Thursday, October 27, 2011

Day 12


I used to be pretty deep.  Not Ghandi-deep or even C. S. Lewis-deep but able to readily explore the inner depths of my mind and heart.  I could even, if I wanted to, think deep thoughts just for fun. 

Unfortunately, years of perfecting the ability to multitask has robbed me of that depth.   Of course, it all starts with being a mom and learning to talk on the phone and spoon in the baby food and fold the laundry all at once.  Then you add a professional life and a church life and the demands of any normal life and I got really, really good at juggling all of it all at once. 

It only cost me a few layers of depth. 

I think it went away so gradually that I barely noticed it.  I started doing more and more of my thinking on the run.  I spent less time pondering or reflecting.  Reading became a way to gain information or a way to escape but rarely got my full attention.  I got really good at being fully present to other people and got tired out by that and so then I learned to space out when I was with myself.  I started to cruise in the wake of other people’s learning because it was just so much easier. 

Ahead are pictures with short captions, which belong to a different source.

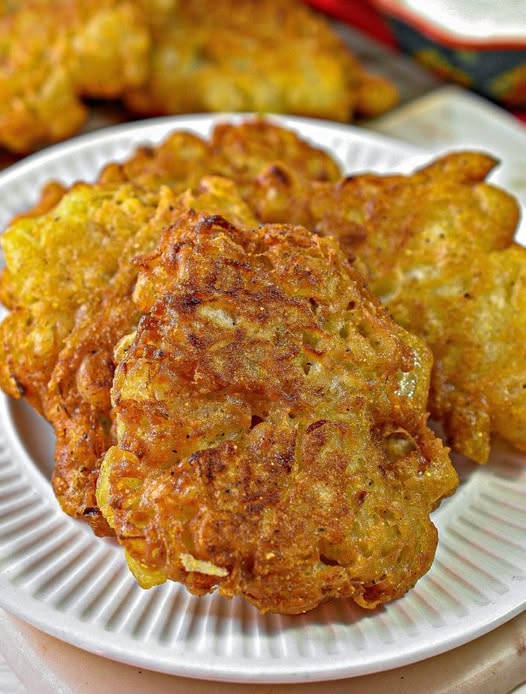 AMISH ONION FRITTERS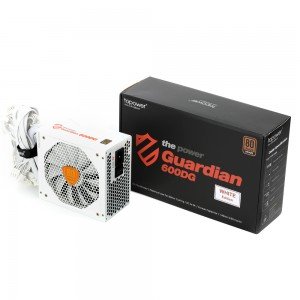 topower Guardian TOP-600DG Single Rail 80PLUS BRONZE WHITE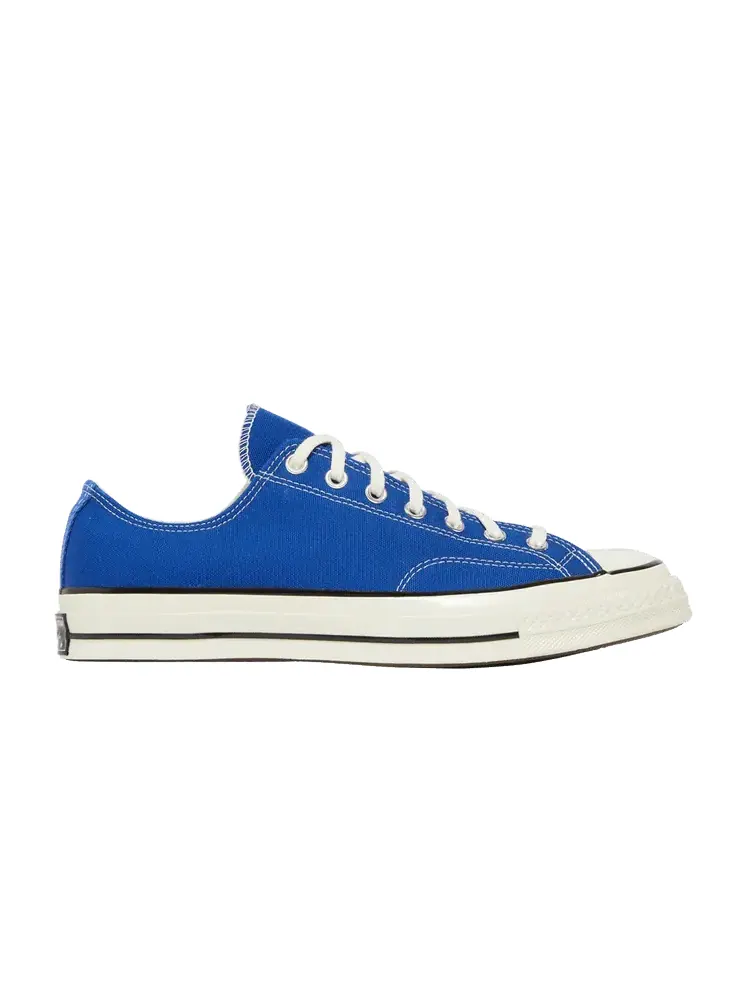 Кроссовки Converse Chuck 70 Low 'Rush Blue' — изображение 1 из 1, синий//черный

Now I’m in a different season of life and I want my old self  back.   Doing a lot of things at once because there are a lot of things to do has its place.  Learning to keep it light after a heavy day of sharing in other people’s deep work has its place.   Deep doesn’t have to mean constant intensity.  But there are some practices that build depth, that can help us plumb the deep places and I’m ready to re-engage them. 

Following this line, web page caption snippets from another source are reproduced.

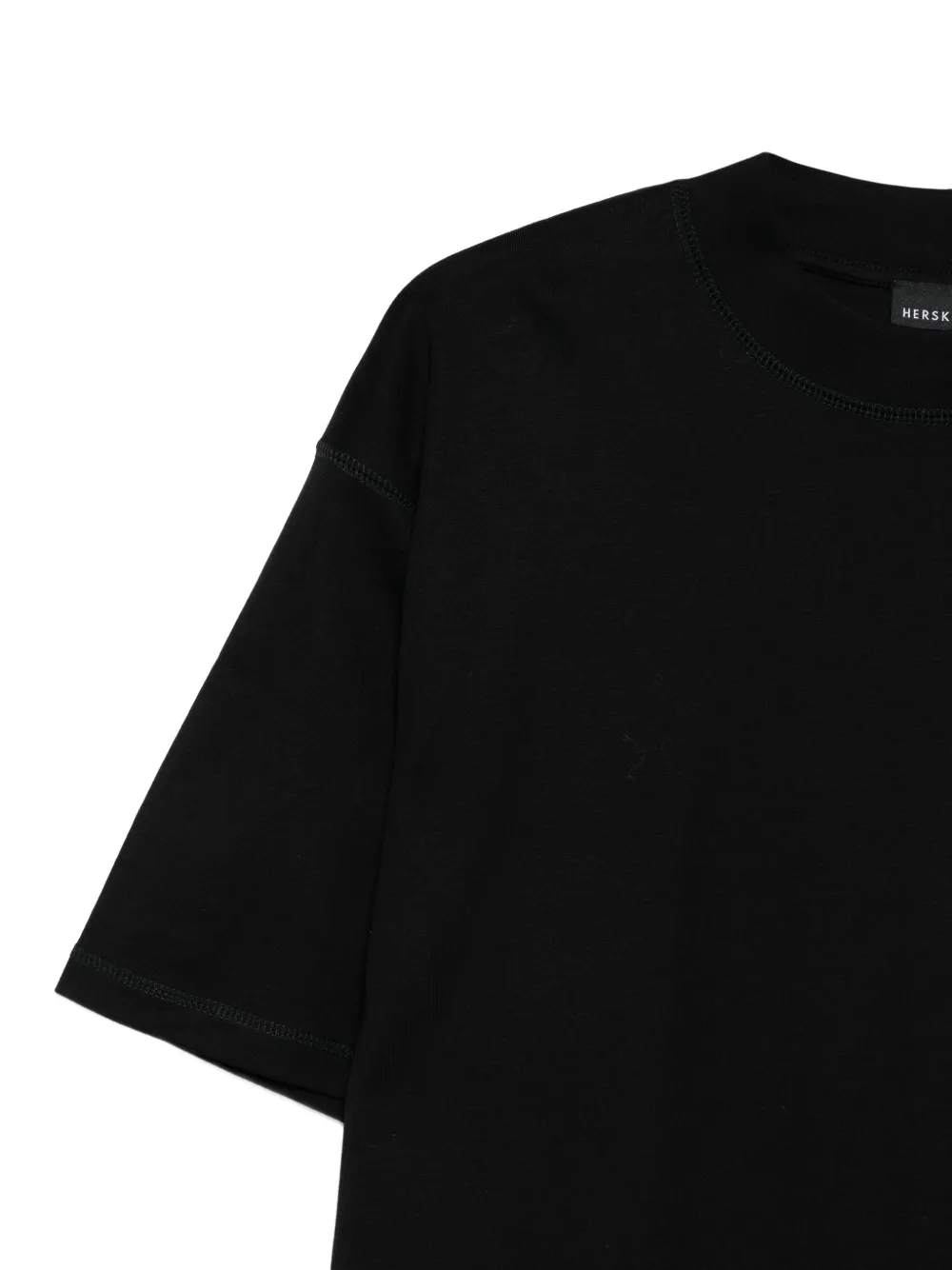 HERSKIND Boxy T-shirt Zwart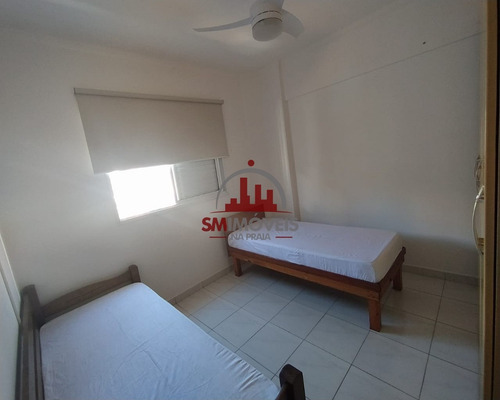 Apartamento Mobiliado Com 01 Dormitório Na Tupi Praia Grande - Ap02663 - 69311360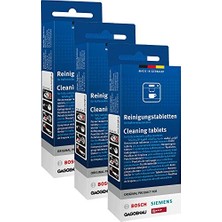 Kazan Hobi 3 x 10 Temizleme Tableti, Siemens Kahve Makineleri Için, 310575 00310575 311769 00311769 TZ8001 TCZ8001 TCZ6001 TZ60001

Even in short doses, for example, solitude and silence help us learn to be with God and ourselves and listen to both.  Sitting quietly to solve problems without talking about them to everyone who will listen opens us up to our own creative thinking.  Asking ourselves what we think about something and then taking the time to really listen to the answer helps a lot.  Reading books that are hard to read builds depth if they’re the right books.  Asking good questions in conversation and then asking more questions builds relational depth.  It’s a fundamental shift from quantity of life to quality.  I’m ready to make the shift.

1 comment:

Janet said...

For me, deep also has alot to do with vulnerability and authenticity... even moreso, though more subtly, than multitasking. They feel like a door to deep perhaps... great thoughts, friend... the world needs your deep thoughts.